Genomic tools hold the potential to provide predictions for hard to measure traits that focus on input costs such as feed intake. Ideally, genomic predictions for feed intake would be incorporated into an economic index as a key component of input cost. However, accurate genomic predictions will require phenotypes.

The improvement of existing phenotypic databases for traits is also needed. It is critical that seedstock producers routinely turn in mature cow weights along with body condition scores to further aid in selecting for optimal weights and the development of tools such as the American Angus Associations Cow Energy value index ($EN) and the Red Angus Associations Maintenance Energy (ME) EPD. This will require participation in Whole (or Total) Herd reporting, a very necessary process for complete data collection and the development and delivery of genetic prediction tools.

Summary

Trends are rarely flat, as an industry we have measured ourselves by steep lines in one direction or the other.
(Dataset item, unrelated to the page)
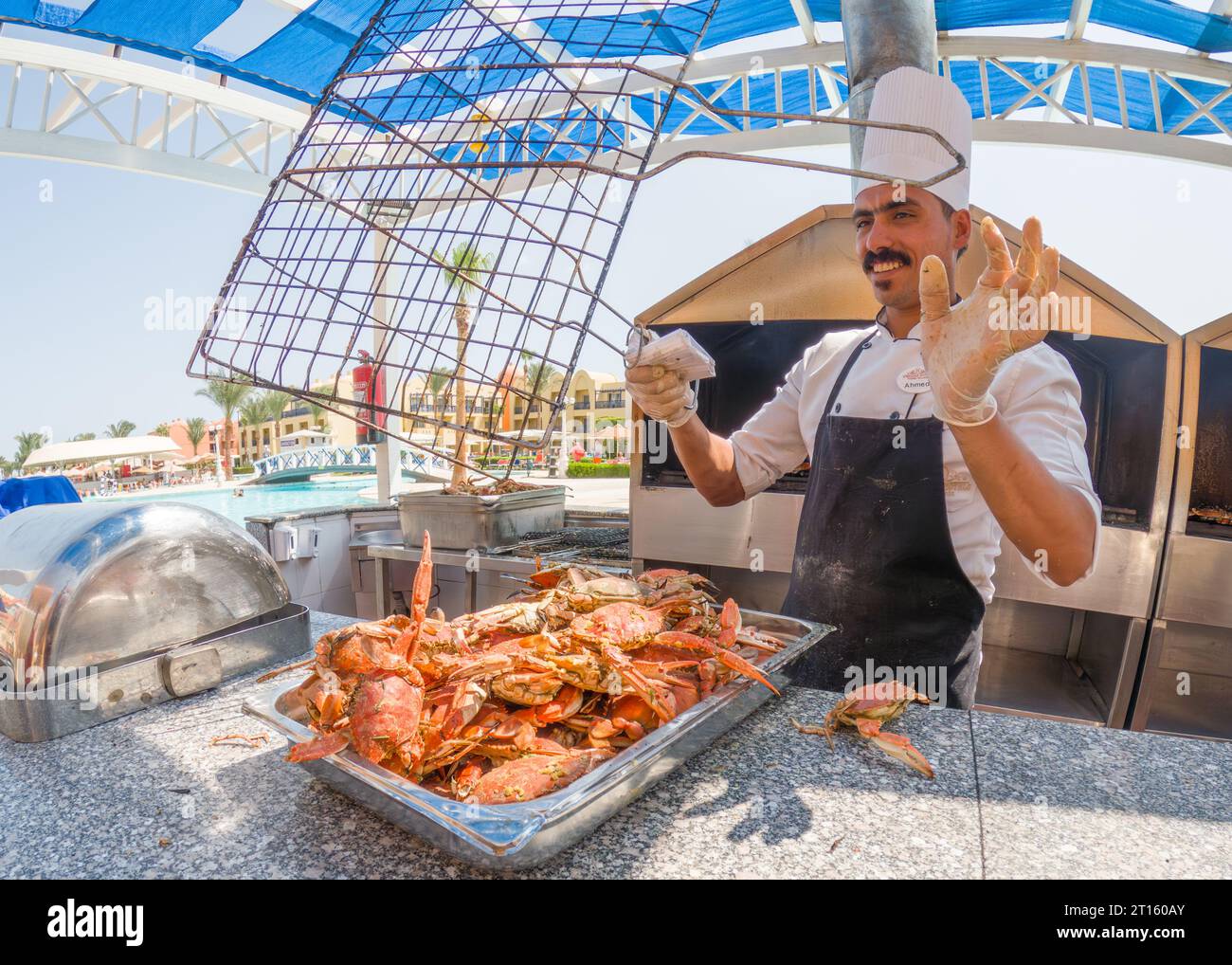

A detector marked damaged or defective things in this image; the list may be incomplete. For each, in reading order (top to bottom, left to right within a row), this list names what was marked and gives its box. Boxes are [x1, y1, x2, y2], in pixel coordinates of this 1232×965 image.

From a seedstock perspective this may have been perceived as necessary in order to differentiate themselves (either as breeders or as breeds) from others in the market place.

Clearly identifying your production environment and realistic production goals given that environment are critical. Profit lies in the optimisation of expense and revenue and optimisation is always more challenging than maximising outputs or minimising inputs. It will require more effort, detailed financial records, and a structured breeding objective that builds a cow herd based on optimum values and not extremes. One final thought, extremely low maintenance cows will push the lower threshold of what is biologically possible for weight and produce virtually no milk. High output cows will represent the other extreme, weigh more than most mature bulls and milk heavier than the best Holstein. Both excel in some measure of the profit equation (i.e. lowest cost or highest revenue) but neither promises to be profitable.